The Top 7 Art Exhibitions to see in London this week

Art critic Tabish Khan brings you ‘The Top Art Exhibitions to see in London’ this week 02/09/18. Each one comes with a concise review to help you decide whether it’s for you. Hurry, as all close soon:

Carlos Cruz-Diez: Luminous Reality @ Phillips
These colourful abstract works appear to move but it’s actually our slight movements triggering the optical illusions. The best is saved for downstairs where these works come to life with a superb immersive installation where projectors spin colours around us in a hypnotising whirl. Prepare to be dazzled. Until 6 September.

Johannes Girardoni: Sensing Singularity @ Levy Gorvy
Step into a silver container and sit hypnotised by changing coloured lights that alter our own vision. Outside the artist has works that create sounds from our phones when pointed at them. It’s an immersive experimental exploration of colour. Until 15 September. 

Picasso 1932 @ Tate modern
It only takes one year of work to demonstrate what a genius Picasso was. He was a constant experimenter so we have lots of varying styles from surrealism to abstract geometry. His personal life was just as wild including an affair with a younger woman when he turned 50. He didn’t treat the women in his life well, but he created some remarkable work in this annus mirabilis. Until 9 September. 

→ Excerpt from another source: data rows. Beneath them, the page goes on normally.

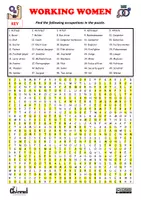 Vista previa - Hojas de trabajo - WORKING WOMEN – 50 JOBS: Visual Dictionary & Word Search - página 3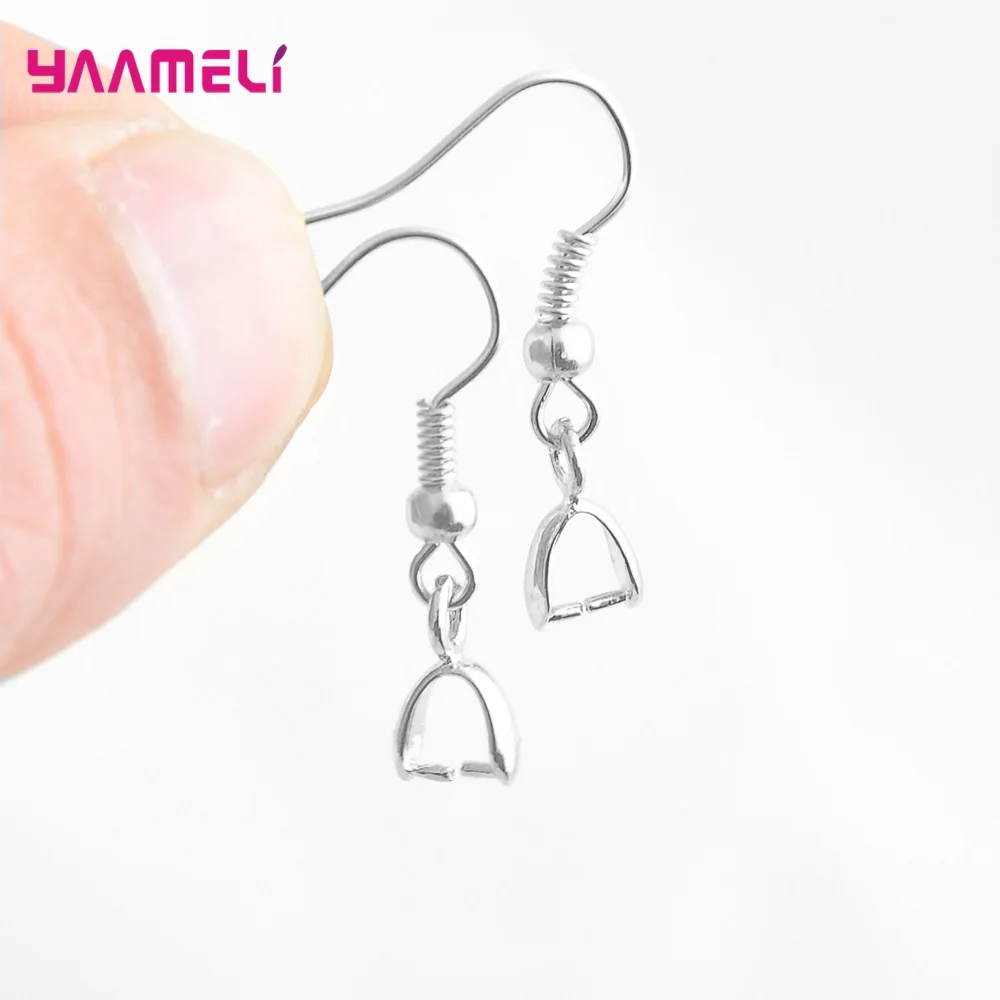 Handmade Jewelry Findings Componentes, Conector de Bail, Fecho para Brincos, 925 Sterling Silver, Atacado, 50Pcs por lote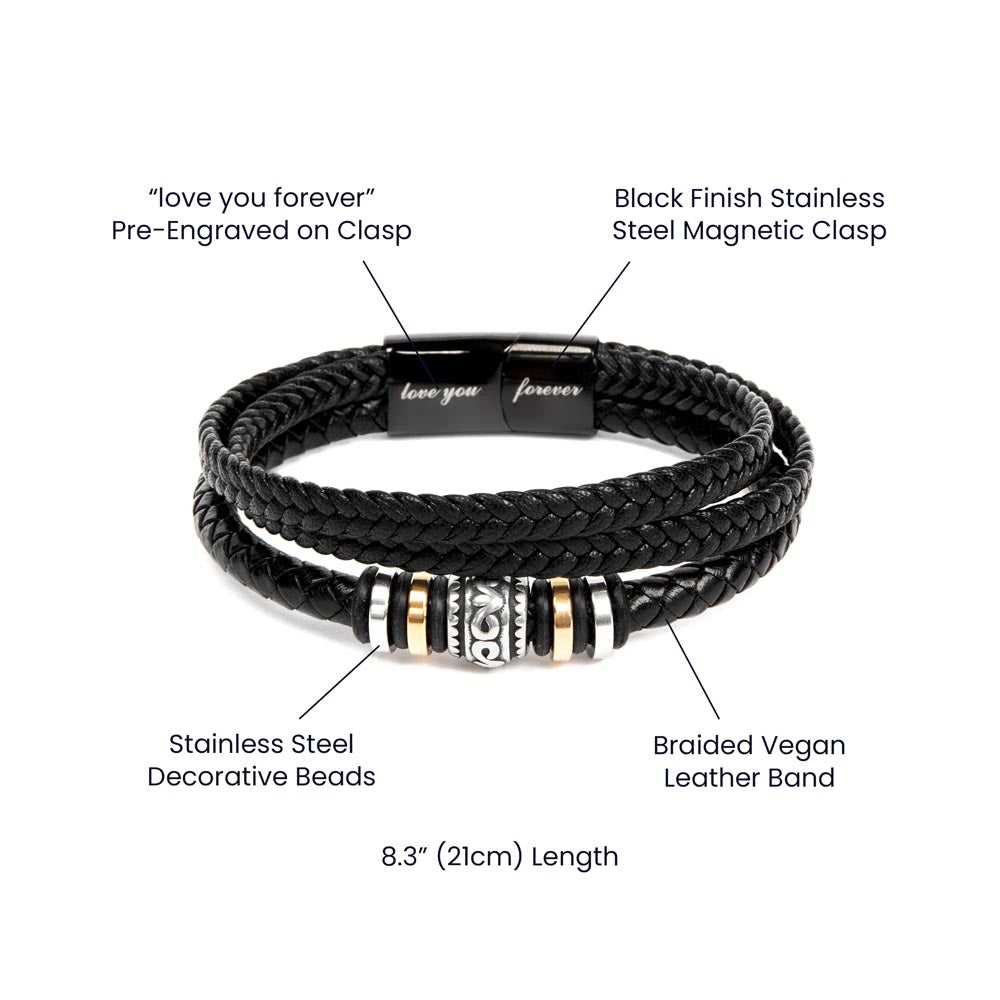 Men's 'Love You Forever' Bracelet - Personalized Acrostic Unique Name Origins and Meanings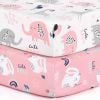 Picture of Pack n Play Sheets, BROLEX 2 Pack Mini Crib Sheets,Stretchy Portable Fitted Playard Sheet Set, Convertible Playard Mattress Cover,Ultra Soft Breathable Material,Elephant Rabbit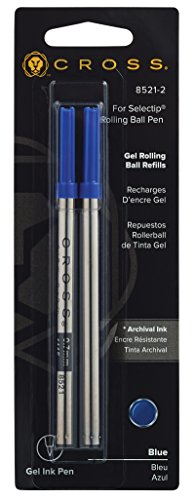 A. T. Cross Gel Rollerball-Minen Blau Blisterkarte mit 2 Minen für alle Selectip Pens - 3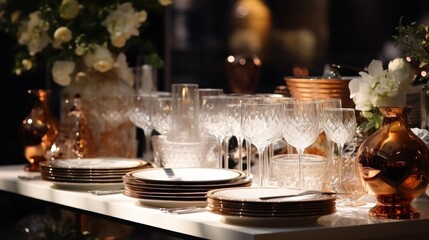 Close-up of a wedding reception buffet table set elegantly with dishware and fine linens, waiting for guests, presented in detailed 4k - obrazy, fototapety, plakaty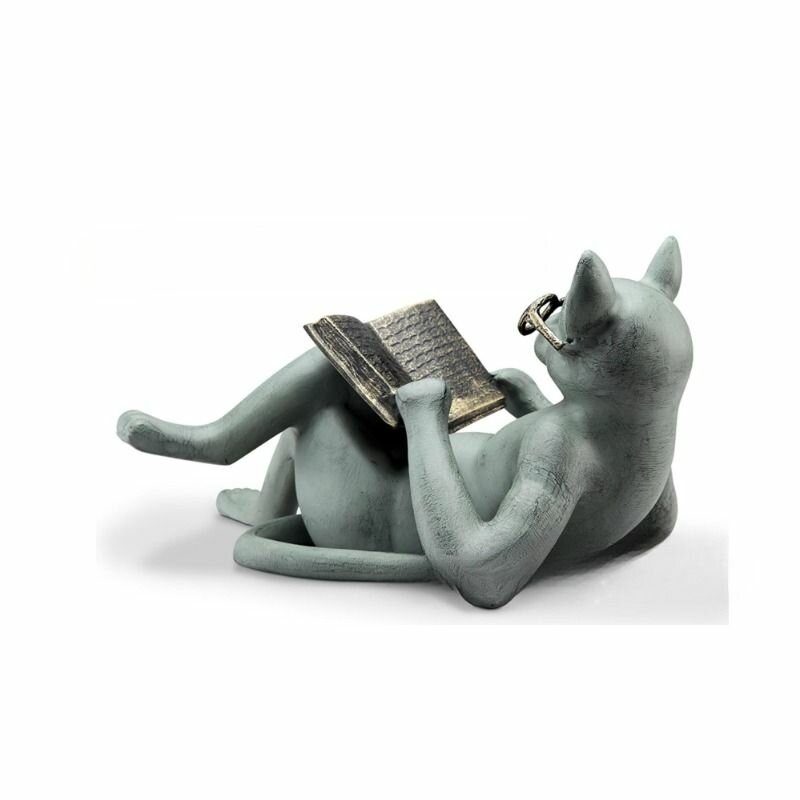 Статуэтка декоративная фигурка Кот в очках с книгой читает, сувенир, декор для дома
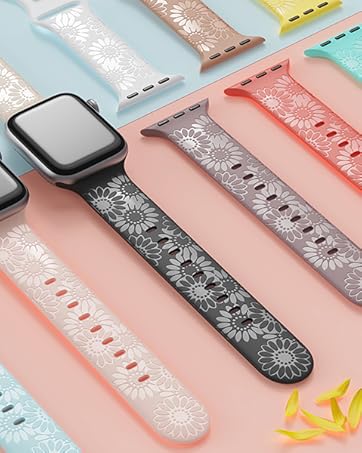 sunflower engraved apple watch band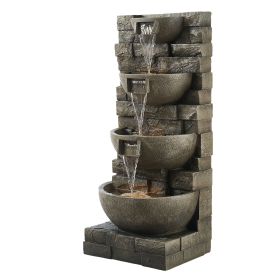 Outdoor Water Fountain, 35.63 in Height Fountain and Waterfall, 4-Tier Floor Standing Cascading Fountains with LED Light and Pump, Block Stack Style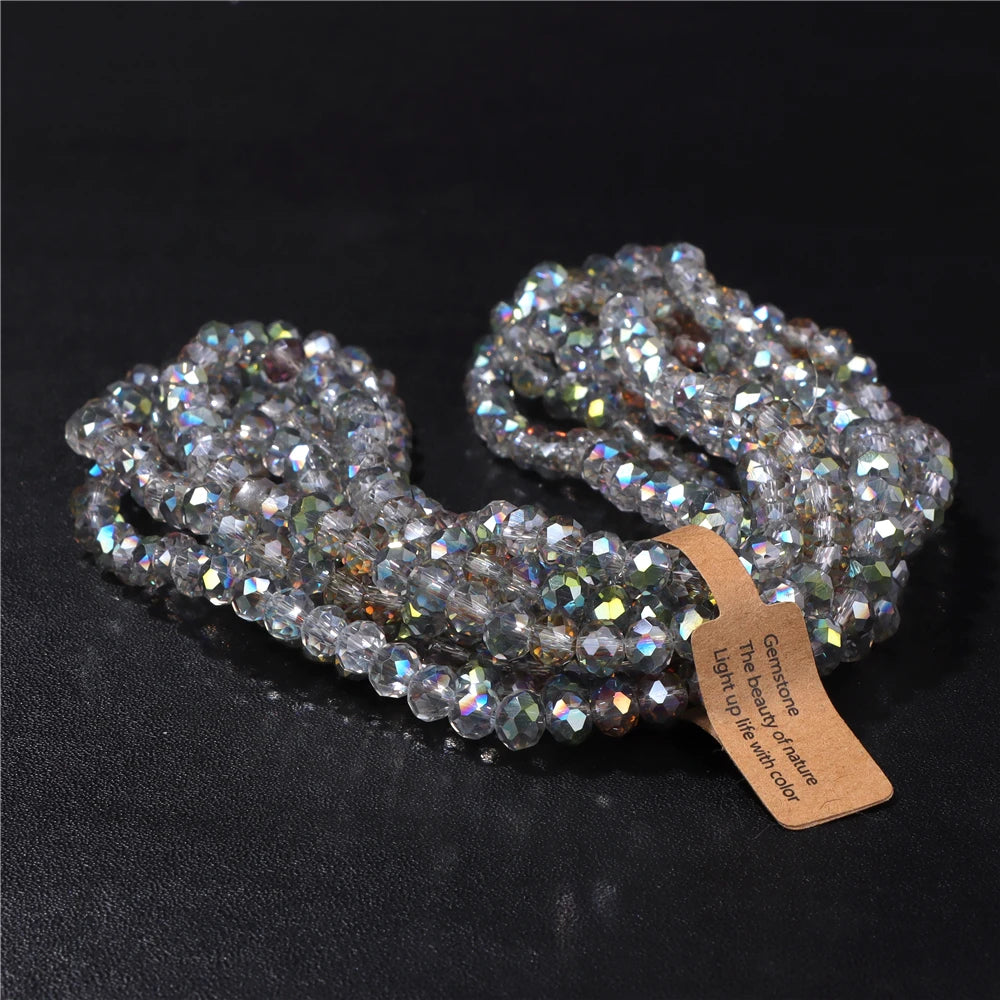 4x6MM/5X8MM Rondelle Crystal Glass Beads AB Color Faceted Loose Spacer Bead For Jewelry Making Clothing Handmade DIY 1 Strand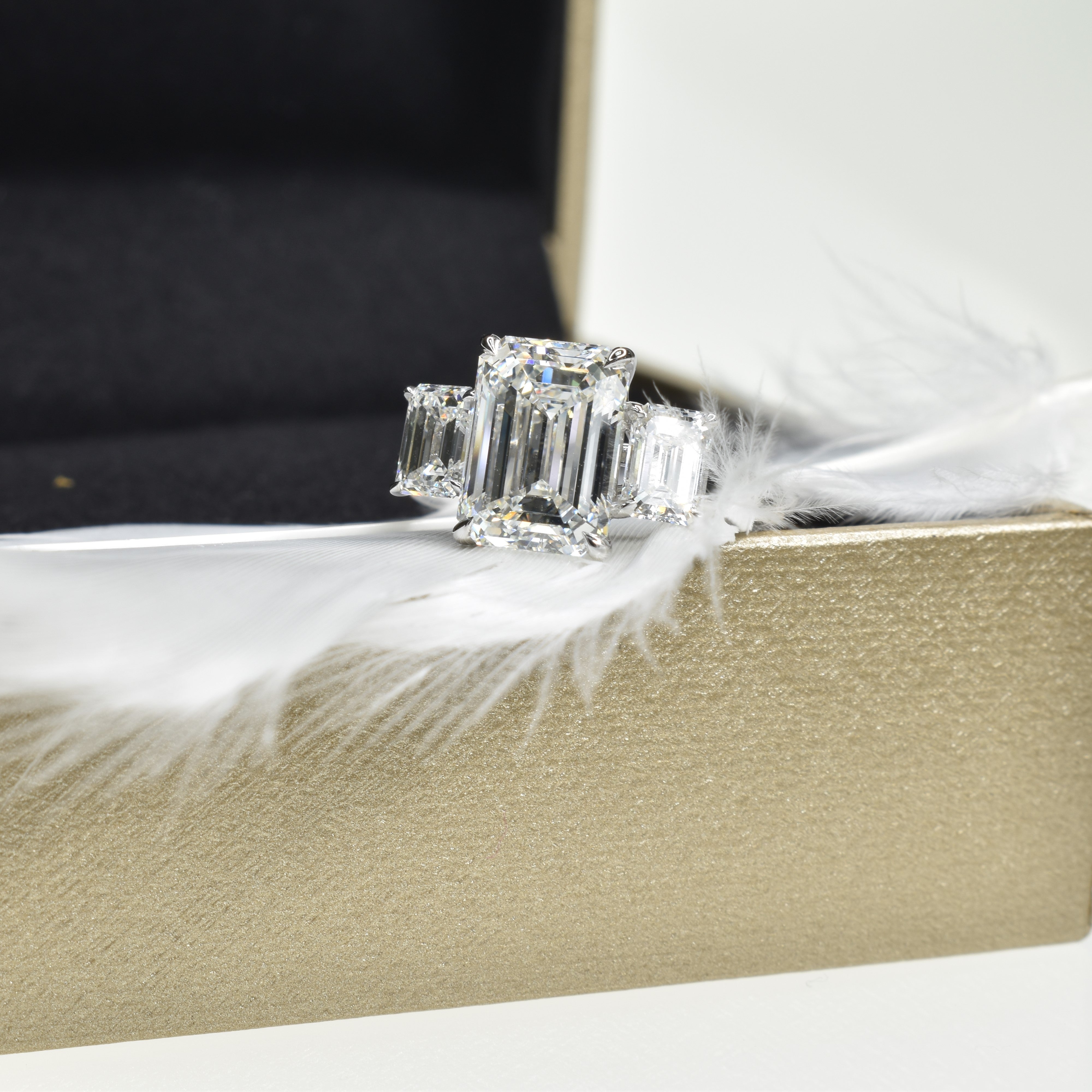 Emerald cut Triology Ring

No Turning Back: Seven migration moments that changed in Britain @ The Migration Museum
An exhibition looking at seven historical turning points in Britain’s history of immigration from the expulsion of Jews to the latest census showing an increase in mixed race persons living in the UK. It’s a powerful exhibition that tells these eras through humans stories. It highlights how Britain has always been a land of immigrants, and yet has always had a history of anti-immigration sentiment, including views of those who voted Brexit. Until 9 September. 

Evy Jokhova: I dance for you my edifice @ l’etrangere
Large stone pillars start singing and making noises through embedded speakers as we approach them. Stones are a constant within human history, whether it be for inscribing runes, sheltering us or when the Greek god Cronus devoured a stone believing it to be his son. Artist Evy Jokhova now gives them the opportunity to form new histories through their sounds in this playful exhibition. Until 9 September. 

Summer graduate show @ Anise Gallery
A pick of graduate works including a neon work in water by Suzie Olczak that confuses our eyes before we’re sucked into faces carved beneath a surface of tea by Byungchan Kim. All this before we are hit by the woven works by Sophie Neville which look into abuse in the art world. This show is a varied and exciting selection of graduate artists. Until 7 September.

Adeline de Monseignat: O @ Ronchini Gallery
What is our fleeting existence against the lifetime of marble and the eternity of time? The artist’s exploration of the cycle of life, death and rebirth continues on from her previous works of fur filled glass balls. This time light works pulse in a circle as light, time and life moves on. In an adjacent video the artist merges with marble as flesh becomes stone. Until 15 September.